Section 3.2. Certain Rights of Guarantee Trustee.
(a) Subject to the provisions of Section 3.1:
(i) The Guarantee Trustee may rely and shall be fully protected in acting
or refraining from acting upon any resolution, certificate, statement,
instrument, opinion, report, notice, request, direction, consent, order, bond,
debenture, note, other evidence of indebtedness or other paper or document
reasonably believed by it to be genuine and to have been signed, sent or
presented by the proper party or parties.
(ii) Any direction or act of the Guarantor contemplated by this Guarantee
Agreement shall be sufficiently evidenced by an Officers' Certificate unless
otherwise prescribed herein.
(iii) Whenever, in the administration of this Guarantee Agreement, the
Guarantee Trustee shall deem it desirable that a matter be proved or
established before taking, suffering or omitting to take any action hereunder,
the Guarantee Trustee (unless other evidence is herein specifically
prescribed) may, in the absence of bad faith on its part, request and rely
upon an Officers' Certificate which, upon receipt of such request from the
Guarantee Trustee, shall be promptly delivered by the Guarantor.
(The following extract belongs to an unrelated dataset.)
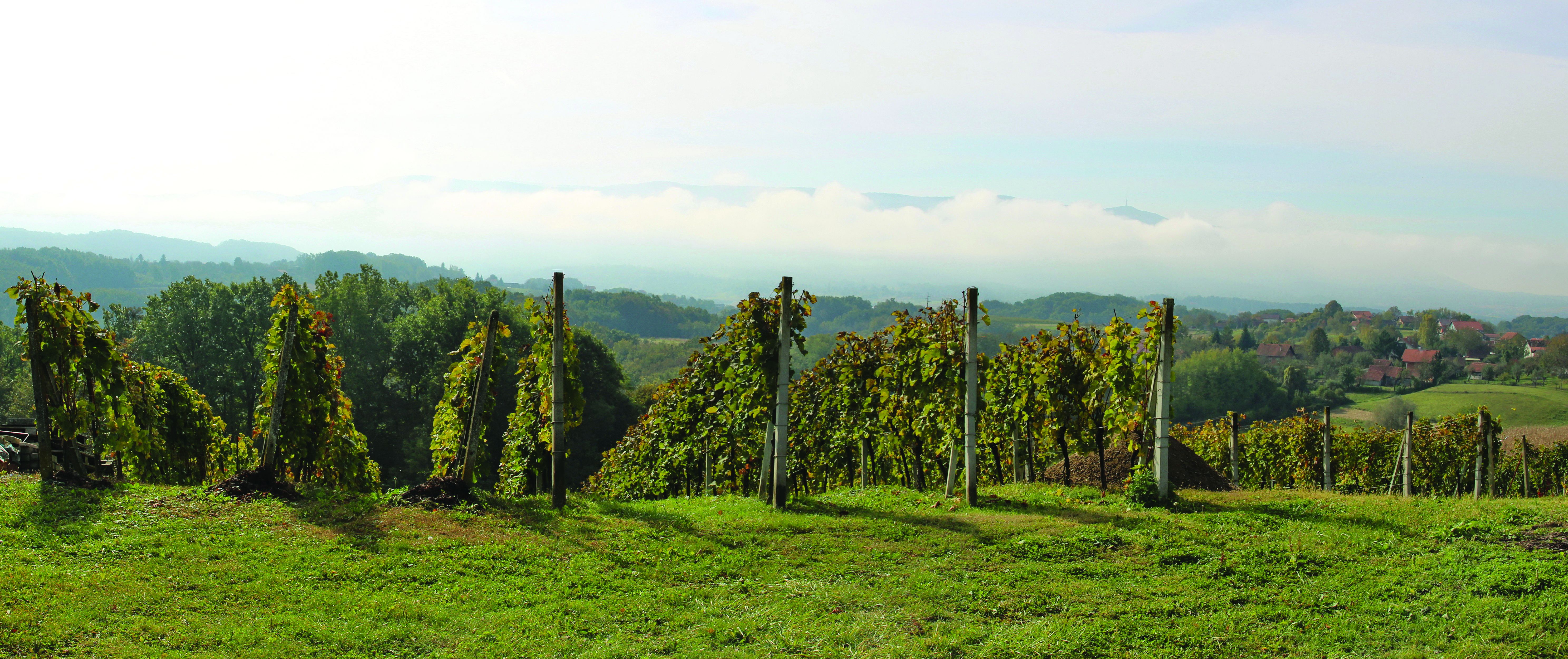 vinogradarstvo i vinarstvo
(iv) The Guarantee Trustee may consult with legal counsel, and the written
advice or opinion of such legal counsel with respect to legal matters shall be
full and complete authorization and protection in respect of any action taken,
suffered or omitted to be taken by it hereunder in good faith and in
accordance with such advice or opinion. Such legal counsel may be legal
counsel to the Guarantor or any of its Affiliates and may be one of its
employees. The Guarantee Trustee shall have the right at any time to seek
instructions concerning the administration of this Guarantee Agreement from
any court of competent jurisdiction.
(v) The Guarantee Trustee shall be under no obligation to exercise any of
the rights or powers vested in it by this Guarantee Agreement at the request
or direction of any Holder, unless such Holder shall have provided to the
Guarantee Trustee such adequate security and indemnity as would satisfy a
reasonable person in the position of the Guarantee Trustee, against the costs,
expenses (including attorneys' fees and expenses) and liabilities that might
be incurred by it in complying with such request or direction, including such
reasonable advances as may be requested by the Guarantee Trustee; provided
that, nothing contained in this Section 3.2(a)(v) shall be taken to relieve
the Guarantee Trustee, upon the occurrence of an Event of Default, of its
obligation to exercise the rights and powers vested in it by this Guarantee
Agreement.
(vi) The Guarantee Trustee shall not be bound to make any investigation
into the facts or matters stated in any resolution, certificate, statement,
instrument, opinion, report, notice, request, direction, consent, order, bond,
debenture, note, other evidence of indebtedness or other paper or document,
but the Guarantee Trustee, in its discretion, may make such further inquiry or
investigation into such facts or matters as it may see fit.
(vii) The Guarantee Trustee may execute any of the trusts or powers
hereunder or perform any duties hereunder either directly or by or through its
agents or attorneys, and the Guarantee Trustee shall not be responsible for
any misconduct or negligence on the part of any such agent or attorney
appointed with due care by it hereunder.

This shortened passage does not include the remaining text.